INFORMATION GIVEN:
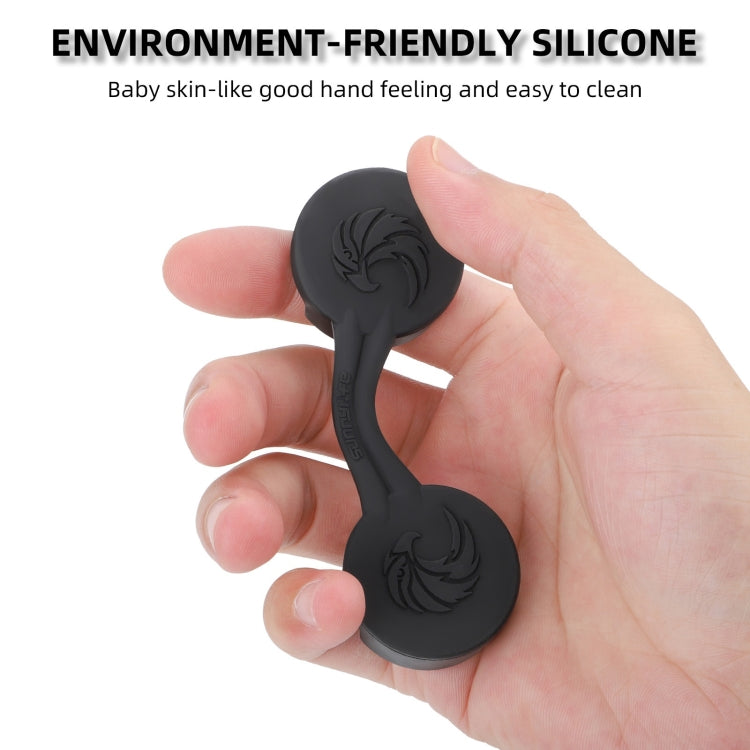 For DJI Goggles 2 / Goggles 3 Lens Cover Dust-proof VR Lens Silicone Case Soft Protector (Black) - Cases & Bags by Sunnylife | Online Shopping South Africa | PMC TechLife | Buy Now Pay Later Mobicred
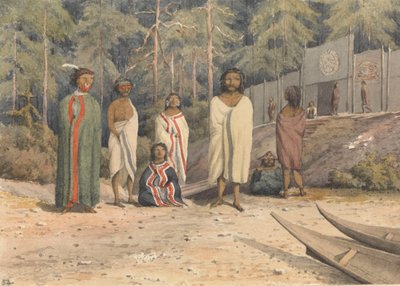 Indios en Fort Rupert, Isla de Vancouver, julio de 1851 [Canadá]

--

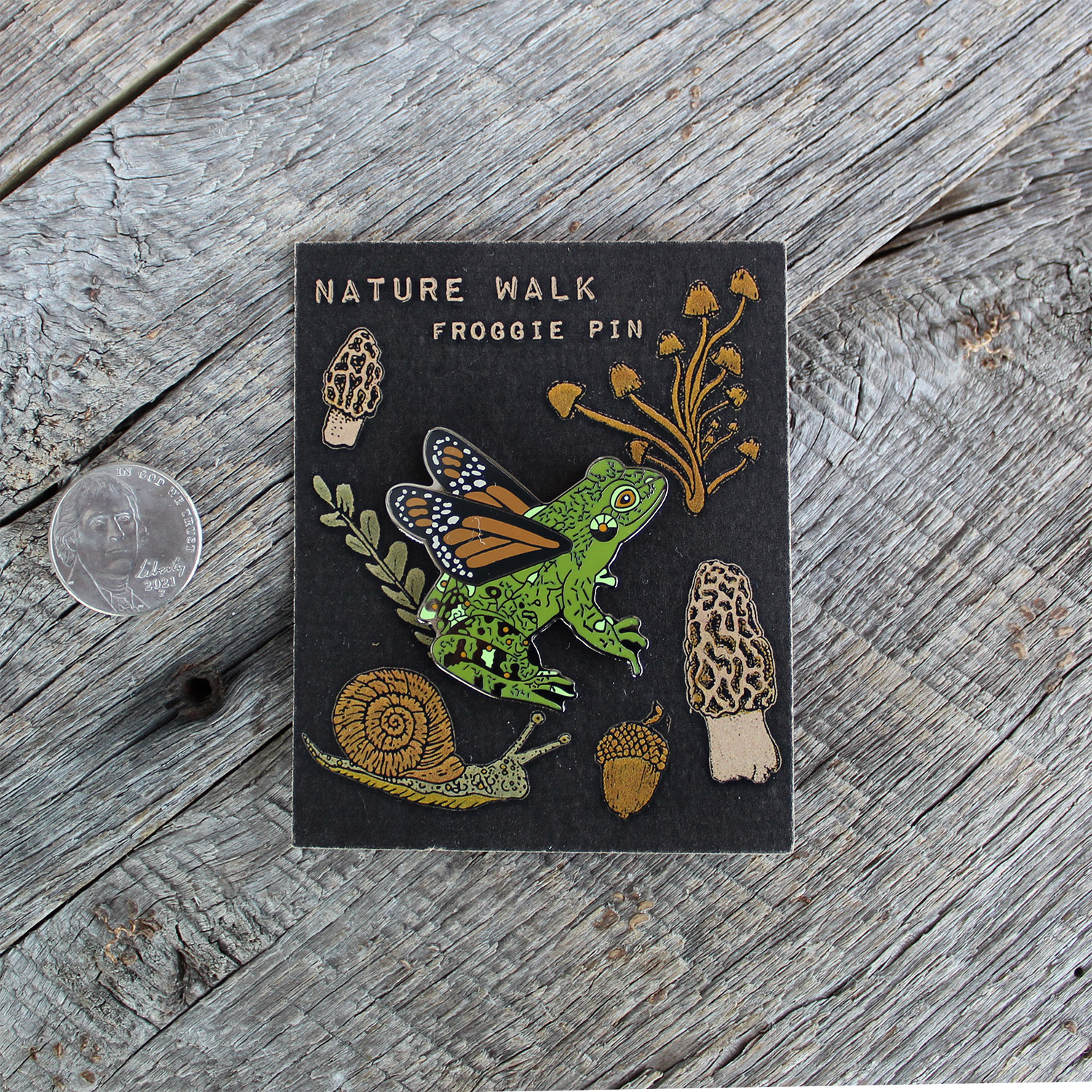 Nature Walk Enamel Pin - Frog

==

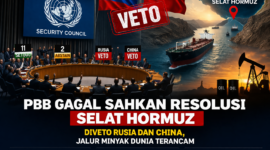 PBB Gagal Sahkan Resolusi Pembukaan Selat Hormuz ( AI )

WORK TASK: Output exactly the stretch of the listing that begins at the line containing "For DJI Goggles" and ends at the line containing "Indios en Fort", both kept. Omit pictures and everything else.

EXERCISE RESPONSE:
 For DJI Goggles 2 / Goggles 3 Lens Cover Dust-proof VR Lens Silicone Case Soft Protector (Black) - Cases & Bags by Sunnylife | Online Shopping South Africa | PMC TechLife | Buy Now Pay Later Mobicred
 Indios en Fort Rupert, Isla de Vancouver, julio de 1851 [Canadá]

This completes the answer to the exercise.